Sam wynik jest bardzo mylny. Przez całe spotkanie wyraźnie prowadziły zawodniczki KSSSE AZS PWSZ Gorzów. Dopiero w końcówce szaleńcze akcje widzewianek sprawiły, że prowadzenie gorzowskich akademiczek zmalało. - Popełniliśmy w końcówce kilka prostych błędów. Niepotrzebnie zamiast grać długie akcje chcieliśmy szybko zdobywać punkty. Niemniej jednak byłem przez cały mecz tego zwycięstwa. Było nam ono potrzebne, gdyż po kilku słabszych meczach chcieliśmy znów zejść z parkietu w roli zwycięzcy - powiedział po meczu trener Dariusz Maciejewski.

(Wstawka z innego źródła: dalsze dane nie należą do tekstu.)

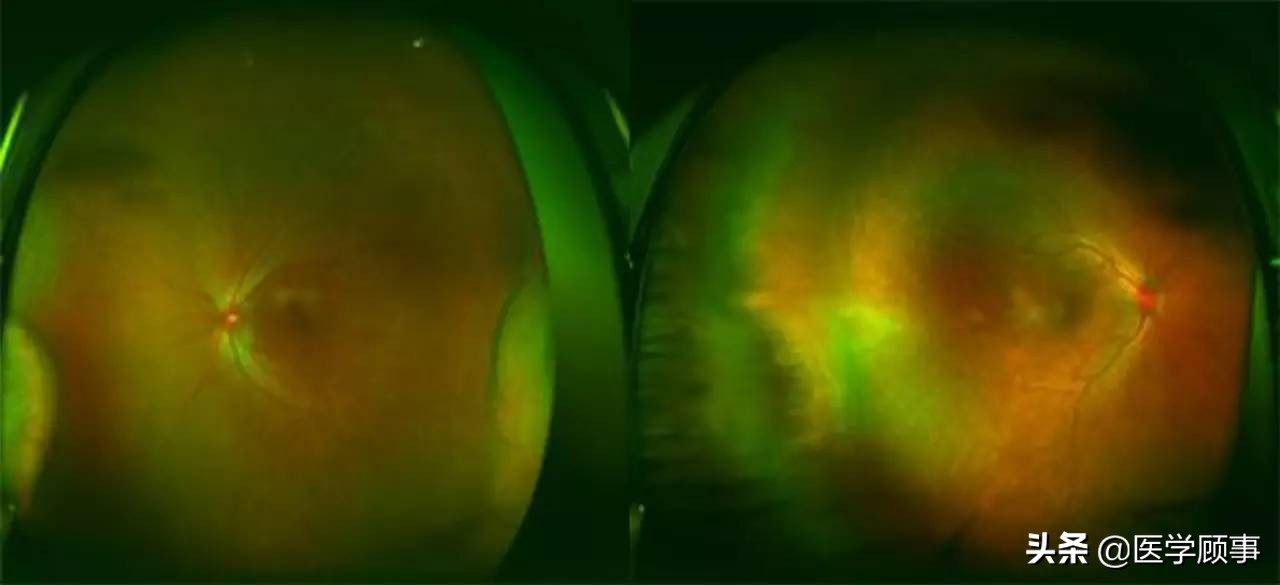 小柳原田综合征需要配眼镜吗,小柳原田综合征是罕见病吗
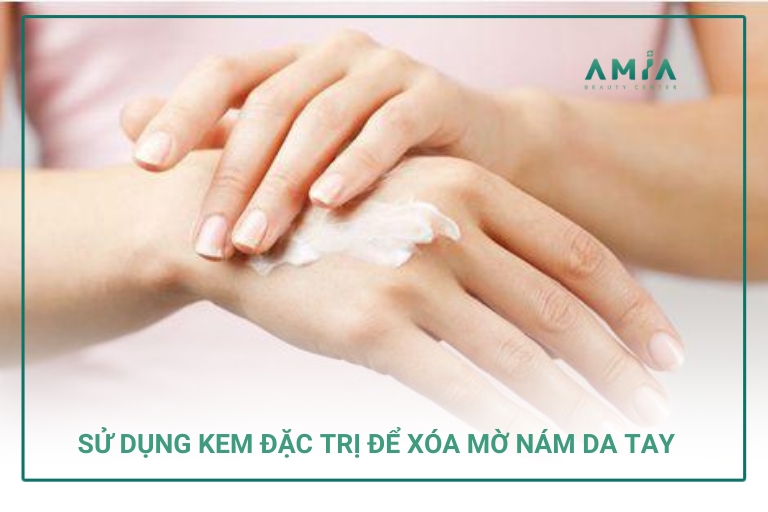 Cách trị nám da tay tiện dụng đó là dùng kem bôi đặc trị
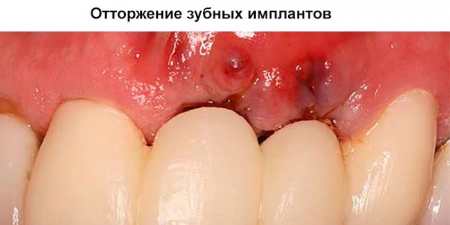 Гінгівіт гострий і хронічний — як лікувати в домашніх умовах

Mecz w Łodzi double-double uzyskała Sybil Dosty, która do 10 punktów zebrała aż 15 piłek. Bardzo bliskie powtórzenia takiego wyczyny były Agnieszka Makowska (19 pkt. I 9 zb.) oraz Chineze Nwagbo (14 pkt. I 9 zb.)
Teraz przed naszymi zawodniczkami kolejna dwutygodniowa przerwa. Na parkiet powrócimy najprawdopodobniej 4 i 5 marca, kiedy to zmierzymy się w dwóch pierwszych meczach ćwierćfinału z trzecią w tabeli Wisłą Can-Pack Kraków. Mecze te miały się odbyć 2 i 3 marca, jednak hala Wisły w tym czasie jest zajęta i krakowscy działacze poprosili o zmianę terminu.